女性の貧困といってもぴんと来ない方も多いのではないかと思いますが、日本の母子世帯の平均年収は両親がいる世帯の半分以下で、213万円(平成18年全国母子世帯等調査結果より)。日本のシングルマザーの就労率は世界的に見ても高いにも関わらず、非正規雇用者が多く、ワーキングプア状態に陥っているのです。母子・父子家庭の貧困率は5割以上(2007年厚生労働省)ということもわかっています。
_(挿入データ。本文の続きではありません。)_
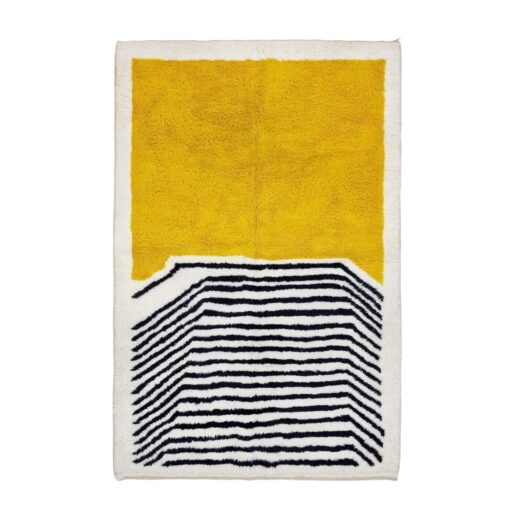 Black and Yellow Rug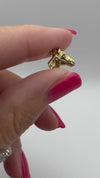 Vintage 9ct Gold Horse Head Pendant / Charm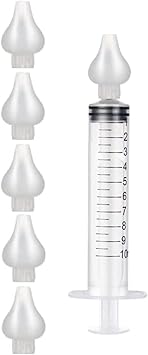 Kit Lavaggio Nasale Rino - Siringa 20ml Con Olive Anatomiche, Made In Italy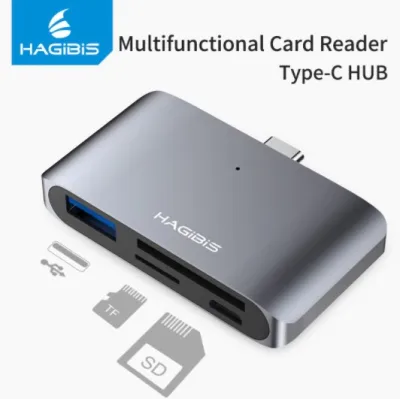 Hagibis Type-C Card Reader USB-C To USB 3.0 SD/Micro SD/TF OTG Card Adapter For Ipad Pro/Laptop/USB-C Phone TypeC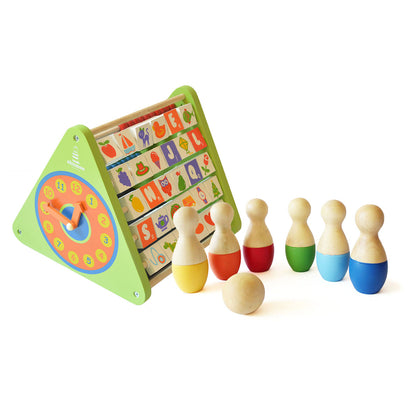 Activity Triangle and Bowling Pins Combo (2-6 years)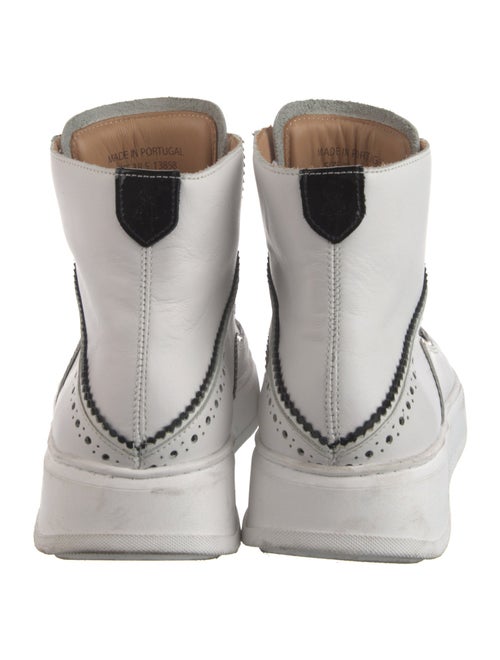 The Office of Angela Scott Leather Wedge Sneakers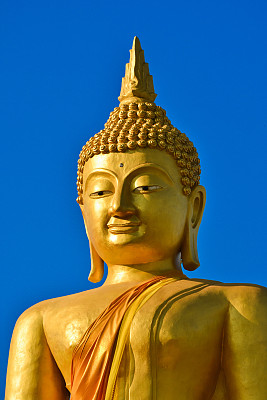 泰国金色佛图片下载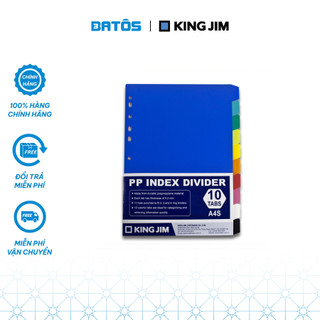 Phân trang nhựa nhiều màu KingJim 6, 10 màu bền dẻo 707-6GSV , 707-10GSV
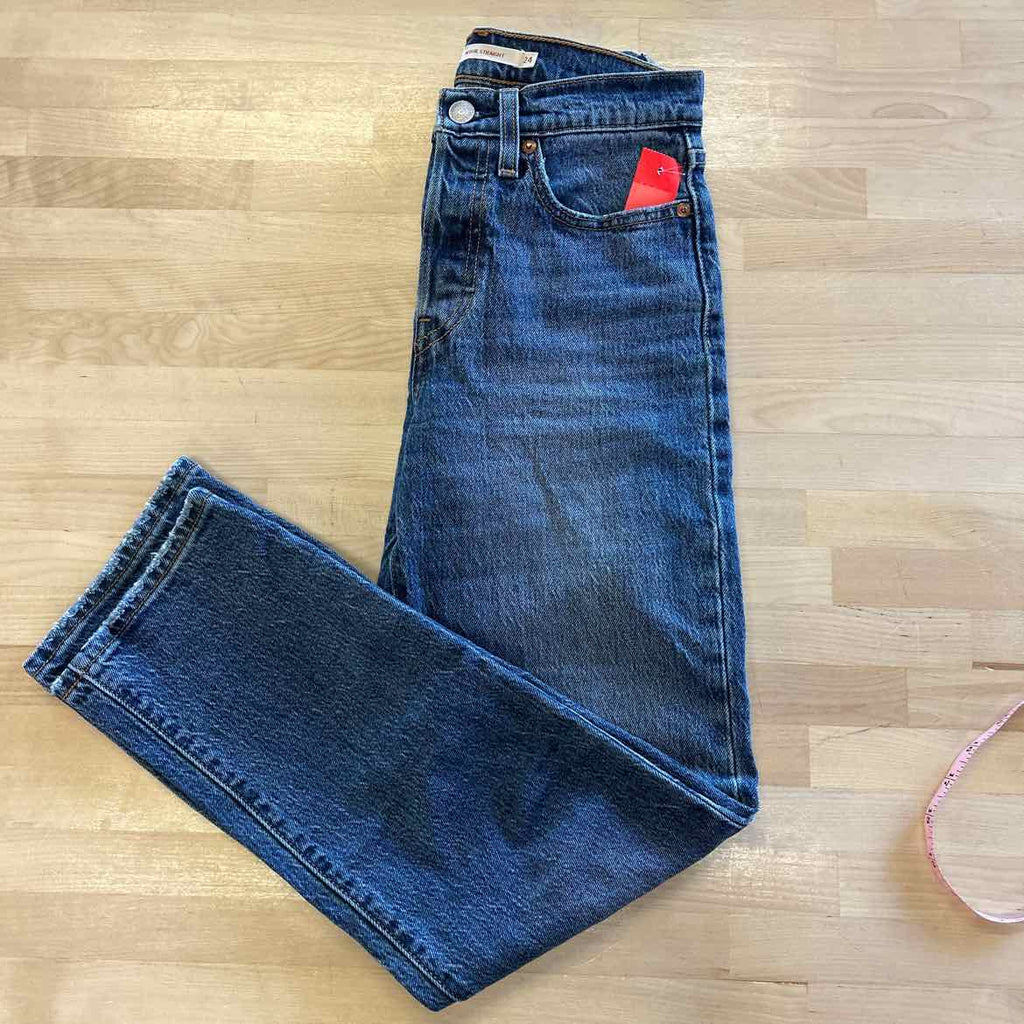 Levi's Size 24 Blue Preloved Wedgie Stright Jeans
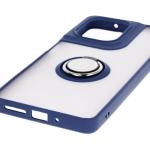 Carcasa Bizon Hybrid Ring compatibila cu Motorola Moto G75 5G, Albastru 6 - lerato.ro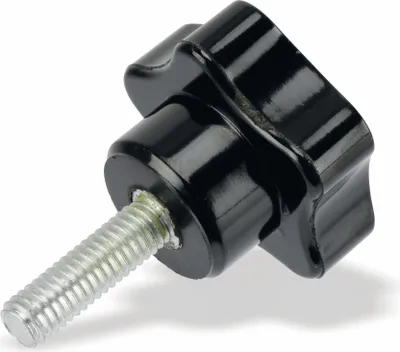 Produktbild von Sterngriffschraube, M6/20 mm, schwarz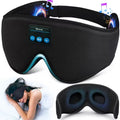 Music Sleep Eye Mask for Men & Women, Contoured Hollow Blackout Eye Mask, Travel & Nap Sleeping Aid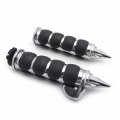 Smt-spike 7 8 Rubber Handlebar Grips Compatible With Kawasaki Mean Streak Drifter Classic Chromed Motor B00vbom46c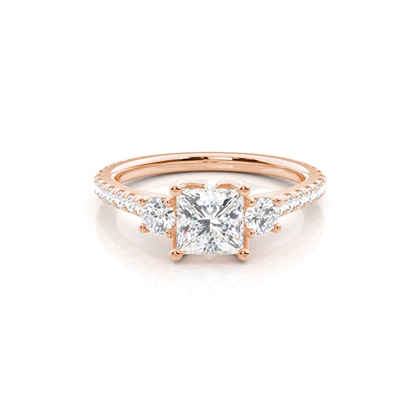 Rose Gold Diamond Engagement Rings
支援策として現金給付(児童扶養手当)が採られていますが、近年では現金給付から就労支援へシフトチェンジしており、例としては母子家庭就業自立センターや母子自立教育訓練給付金があります。母子家庭の約1割が、最後のセーフティネットとされる生活保護を受給していますが、「水際作戦」と呼ばれる窓口での申請拒否や、大都市以外の地域では車保有がハードルとなって、必要なのに受給できない家庭が多いのです。
ワーキングプアのシングルマザーは、長時間労働ゆえに、また、ダブルワークをする人も17.5%と多いため、平日に子どもと過ごす時間は平均46分だとか。金銭的にも子育てに余裕がなく、それが子どもの教育格差にもつながっています。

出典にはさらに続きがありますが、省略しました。